Would you output the listing exactly, with every image omitted?

- _Data below_
_ _ _ _

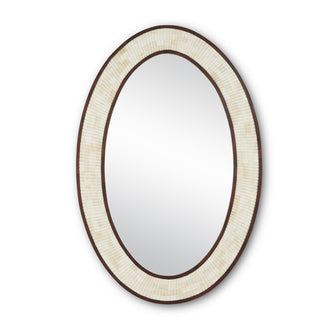 Andar Oval Mirror Mirror by Currey and Company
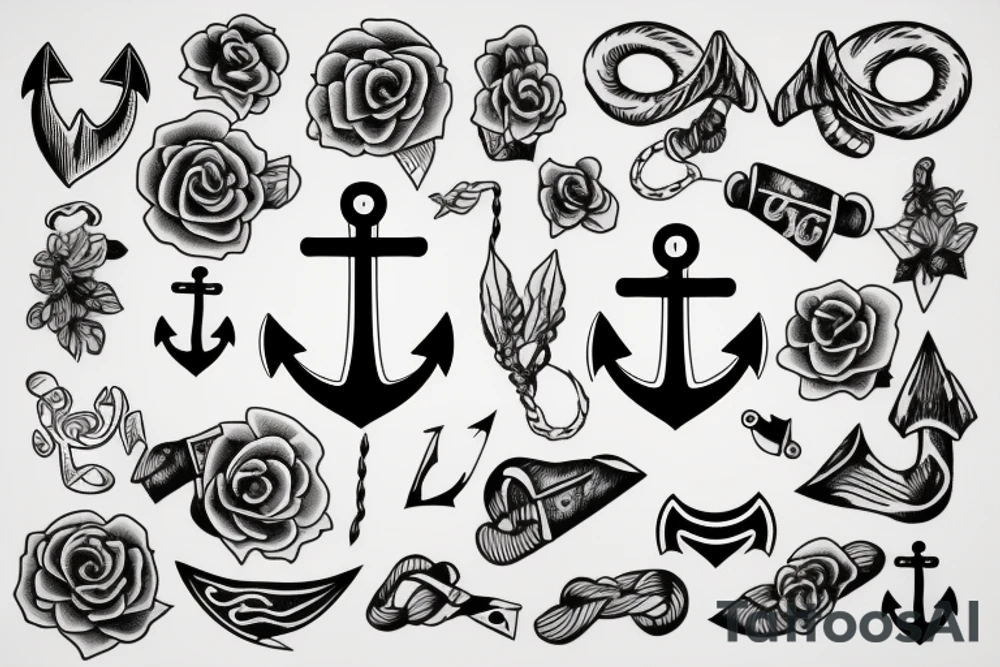 Anchor tattoo idea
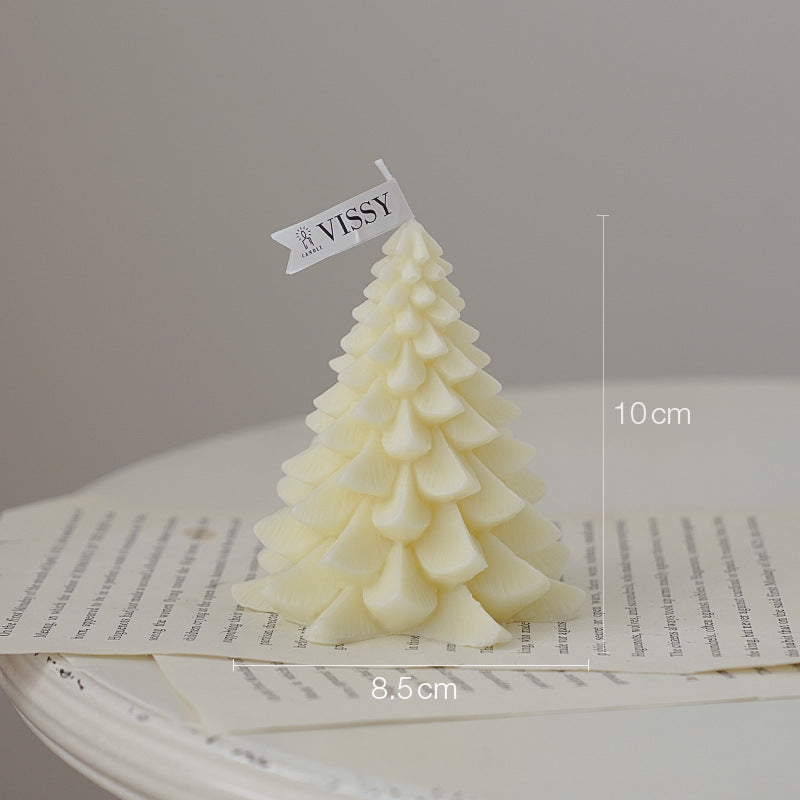 Festive Home Decor Christmas Tree Shaped Candle
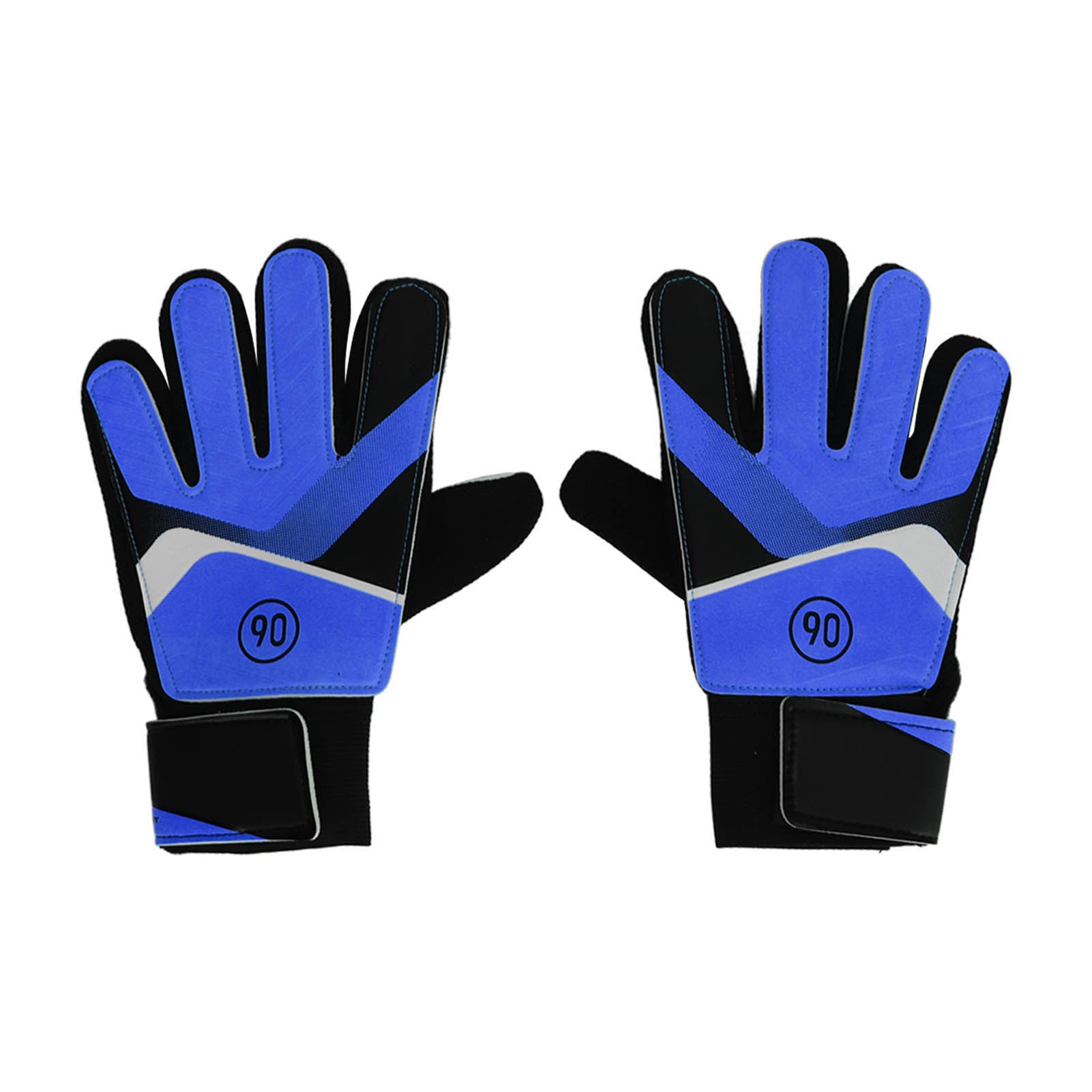 1 Pair Kids Goalkeeper Gloves Children Football Goal Keeper Gloves Anti Slip Exercise Gloves Blue 17 ~ 18cm / 6.69 ~ 7.09in Fitness Task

_ _ _ _

- _Answer to the exercise_
 Andar Oval Mirror Mirror by Currey and Company
 Anchor tattoo idea
 Festive Home Decor Christmas Tree Shaped Candle
 1 Pair Kids Goalkeeper Gloves Children Football Goal Keeper Gloves Anti Slip Exercise Gloves Blue 17 ~ 18cm / 6.69 ~ 7.09in Fitness Task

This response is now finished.